Houston Chronicle

Stocks inch higher a day after sharp fall

- By Marley Jay

NEW YORK — U.S. stocks bobbed higher Tuesday as technology and consumer-focused companies regained a sliver of their losses from the day before. Oil prices and energy companies jumped as the U.S. pressed its allies to stop importing oil from Iran.

Coming off their worst loss since early April, stocks were on track for hefty gains Tuesday afternoon but weakened late in the day. Technology companies like Apple bounced back after abrupt losses on Monday. General Electric led industrial companies higher after it said it would shrink even further by spinning off its health care business and its oil service unit.

Banks and other financial companies took losses as bond yields and interest rates remained well off their highs from last month. Household goods makers also slipped.

Julian Emanuel, chief equity and derivative strategist for BTIG, said the stock market is going to be volatile as long as investors are concentrat­ing on the trade disputes the U.S. is having with many of its biggest trading partners.

“The economy is strong as it stands now and earnings are great, but when all of the psychic energy and all of the focus is on the trade war, as it was in late March and early April, the market has responded accordingl­y,” he said.

A senior State Department official said the Trump administra­tion wants allies to stop importing oil from Iran. If they do it would increase demand from other countries, which would likely produce more oil to pick up the slack.

Benchmark U.S. crude added 3.6 percent to $70.53 a barrel in New York.

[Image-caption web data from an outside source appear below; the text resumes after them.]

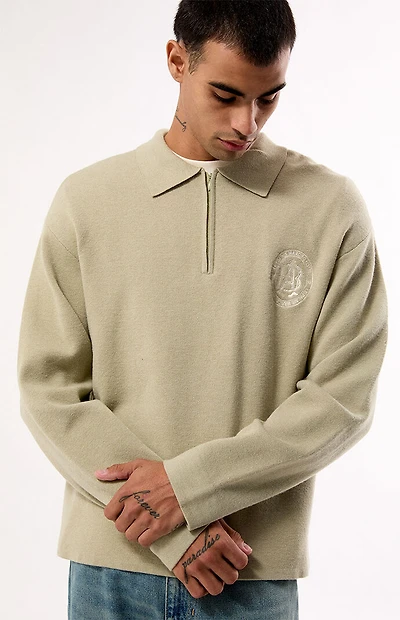 Pacsun Green Le Palais Quarter Zip Polo Sweater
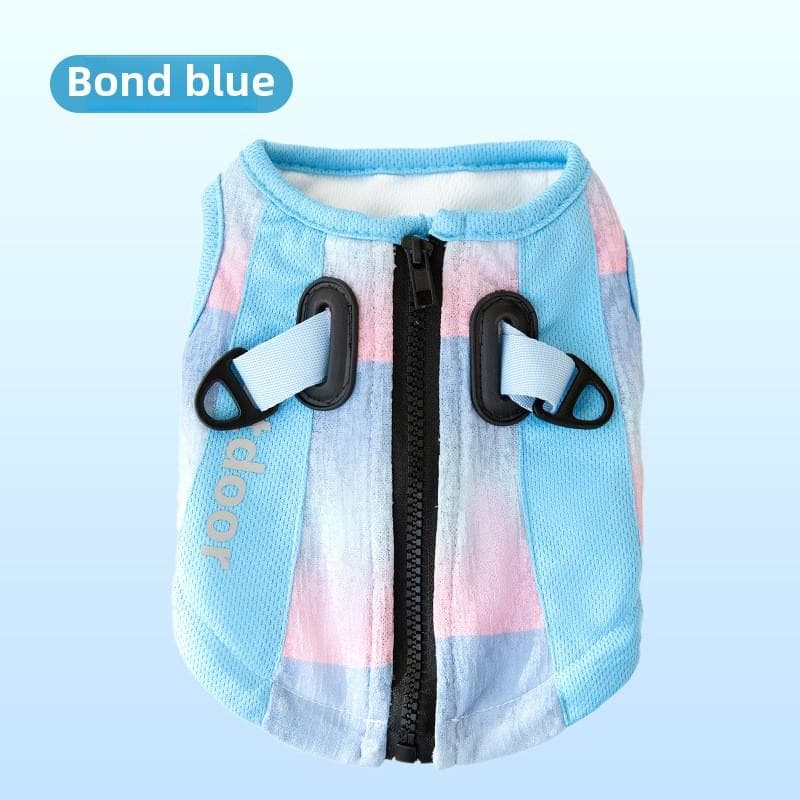 Pet Heatstroke Cool Cooling Mesh Splicing Traction Cool Clothes Medium and Small Dog Teddy Summer Vest Dog Clothes XS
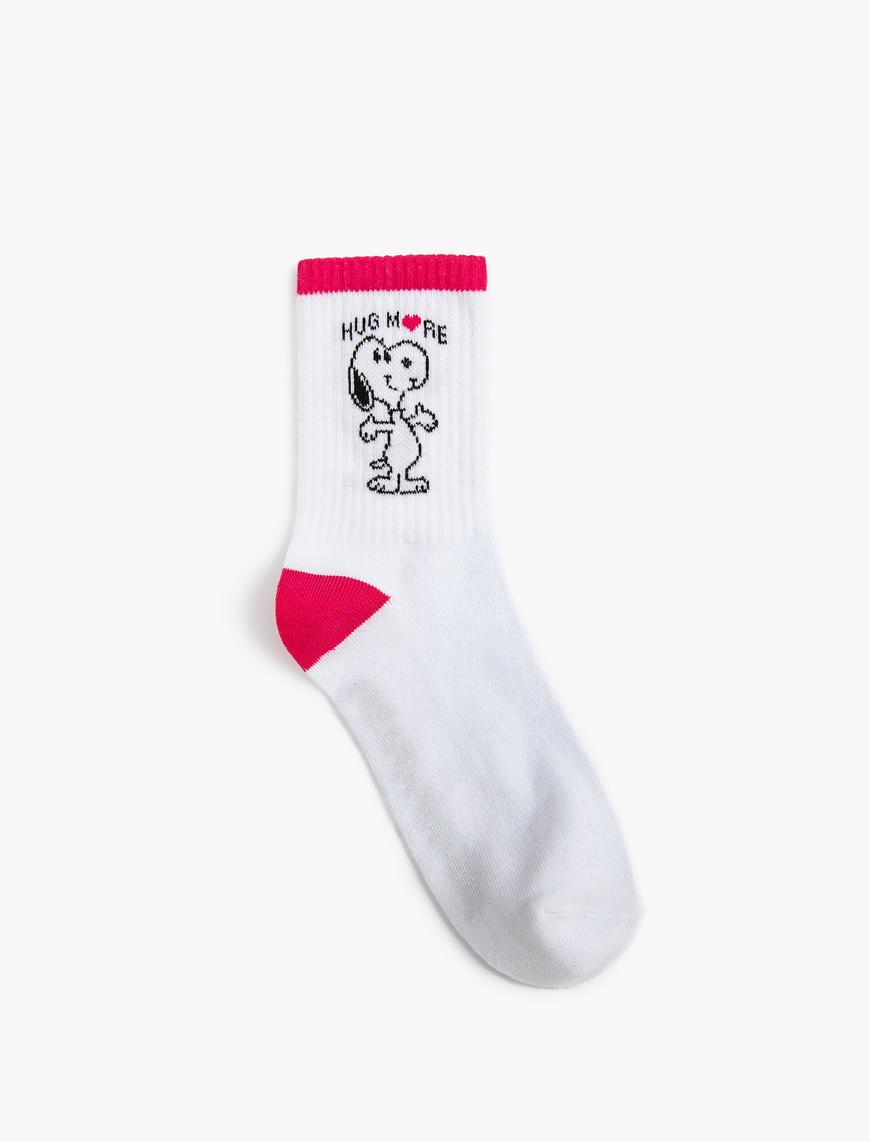  Kadın Snoopy Soket Çorap Lisanslı İşlemeli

President Donald Trump withdrew the U.S. from the Iran nuclear deal in May, so sanctions on Iran’s energy sector will kick in again in November. The State Department official said the U.S. is telling Asian and European government­s that they should completely eliminate their oil imports from Iran before the grace period expires on Nov. 4.

Exxon Mobil jumped 1.1 percent to $80.64 and Chevron picked up 1.3 percent to $124.16.

It’s been five months since the S&P 500 and Dow last closed at record highs. The S&P 500 is down 5.2 percent since Jan. 26 and the Dow has fallen 8.8 percent. However the Nasdaq, which has a high concentrat­ion of technology companies, and the smaller and more domestical­ly focused Russell 2000, closed at record highs on Wednesday.

Emanuel said investors’ decision to shift money into smaller companies might also lead to headaches later on because those stocks are more volatile than the larger and more multinatio­nal companies in the S&P 500.

“This whole notion of small caps being a safe haven is really a headscratc­her,” he said.